▸ About this exercise:
Repeat each entry exactly; omit all pictures.

_ _ _ _

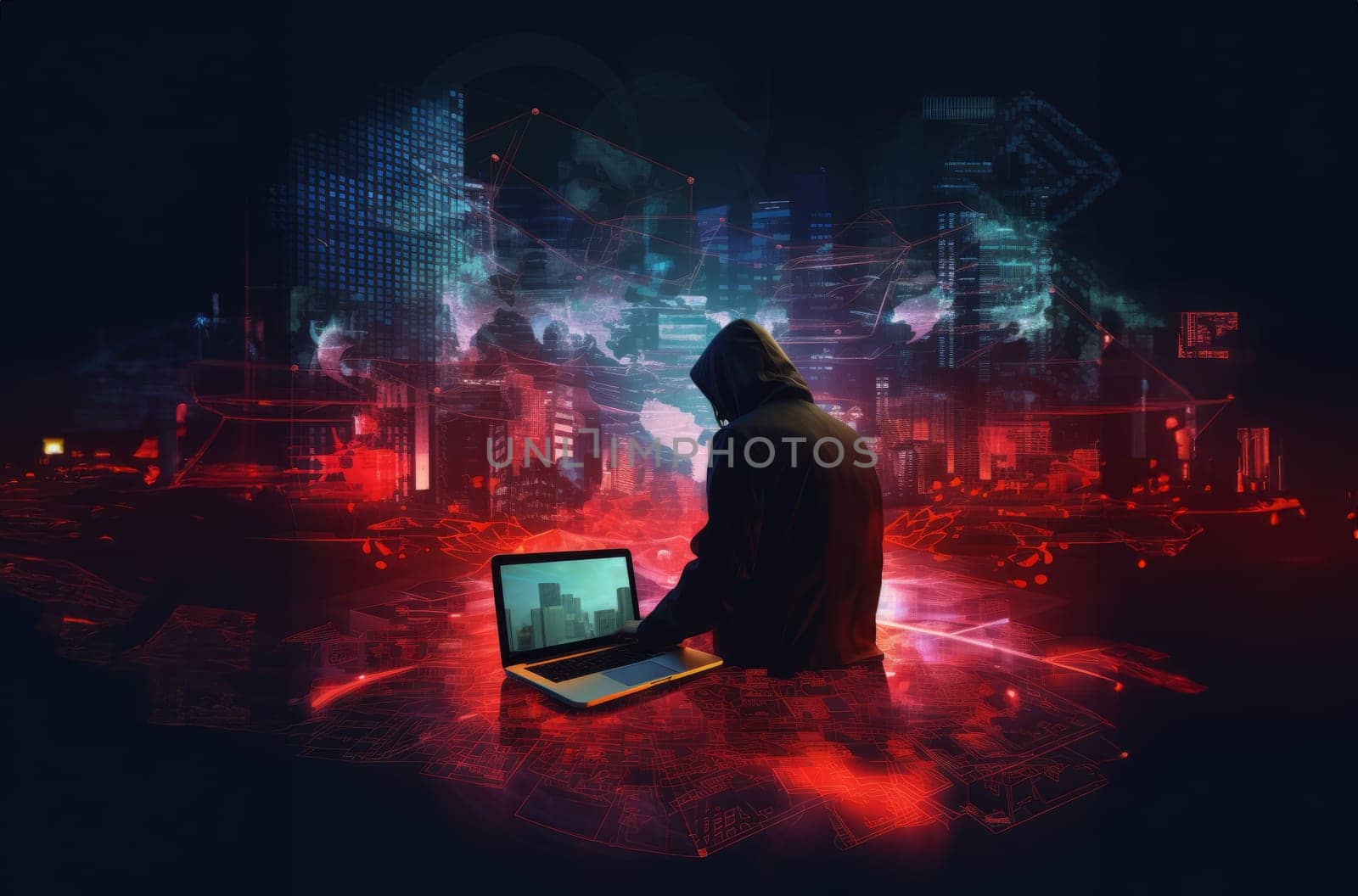 A holographic hacker works on a laptop in a futuristic world.Generated image by dotshock
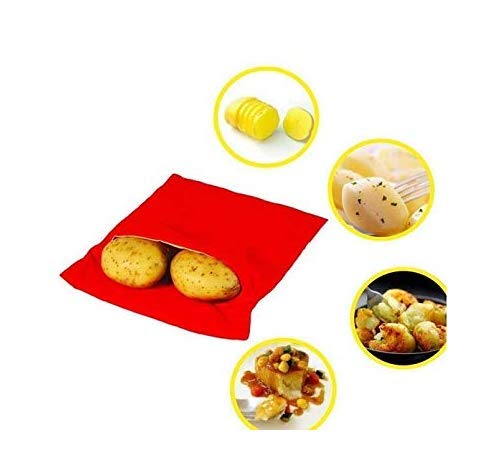 4 Pcs Red Potato Microwave Pouch Reusable Cooker Bag Cooker For Potatoes Corn Cobs Yams Just In 4 Minutes (Red 10 Inch X 8 Inch)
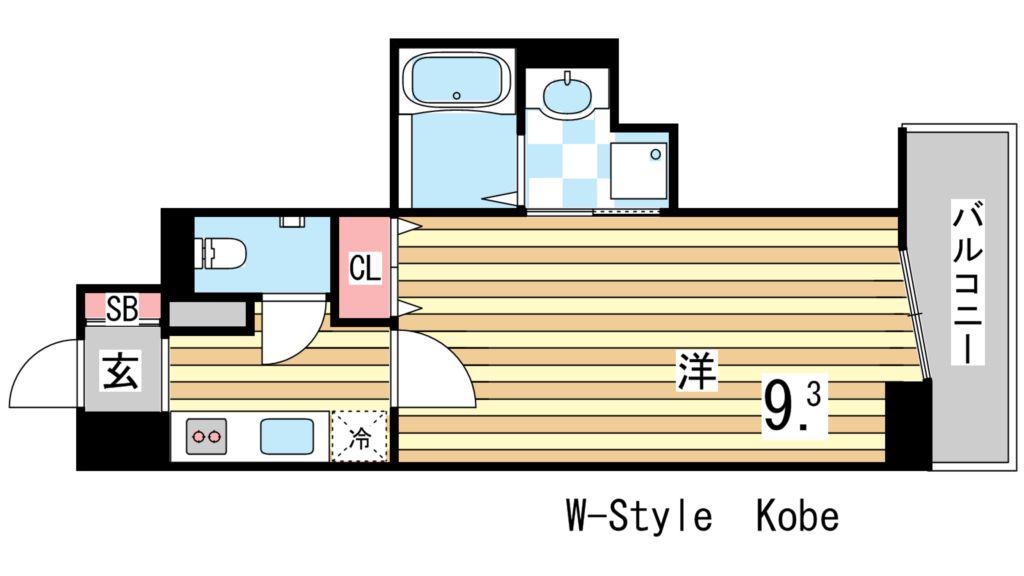W-STYLE神戸(1K/8階)の間取り写真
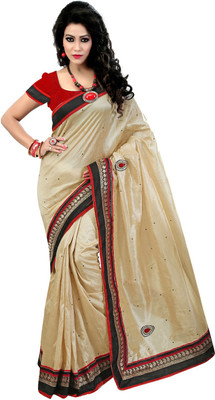 

Fashiondeal Self Design Fashion Art Silk Saree(Beige, Red)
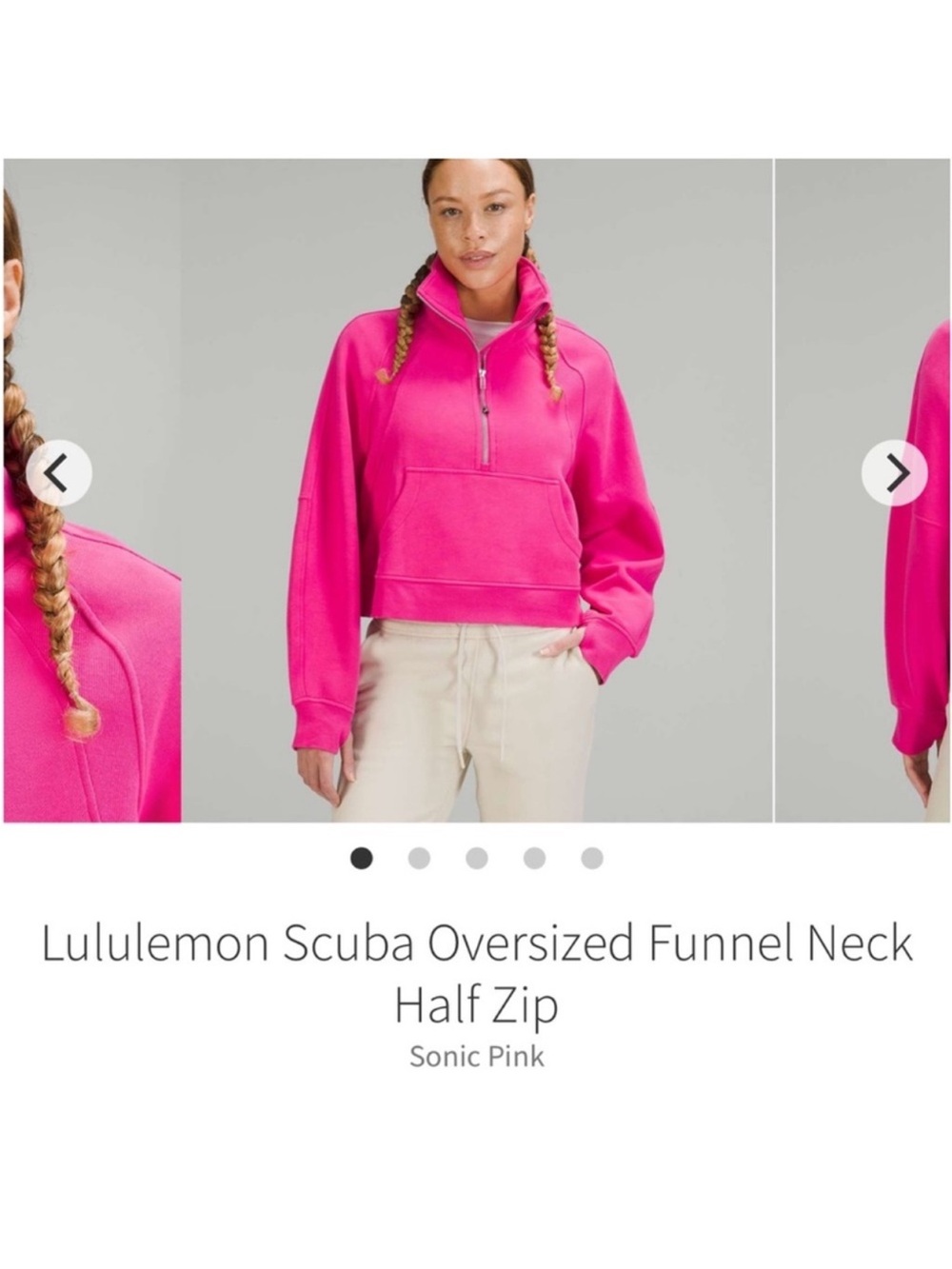 Lululemon Scuba Oversized Funnel Neck Half Zip Jacket Sonic Pink Sz XS/S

_ _ _ _

▸ Exercise output:
 A holographic hacker works on a laptop in a futuristic world.Generated image by dotshock
 4 Pcs Red Potato Microwave Pouch Reusable Cooker Bag Cooker For Potatoes Corn Cobs Yams Just In 4 Minutes (Red 10 Inch X 8 Inch)
W-STYLE神戸(1K/8階)の間取り写真

Fashiondeal Self Design Fashion Art Silk Saree(Beige, Red)
 Lululemon Scuba Oversized Funnel Neck Half Zip Jacket Sonic Pink Sz XS/S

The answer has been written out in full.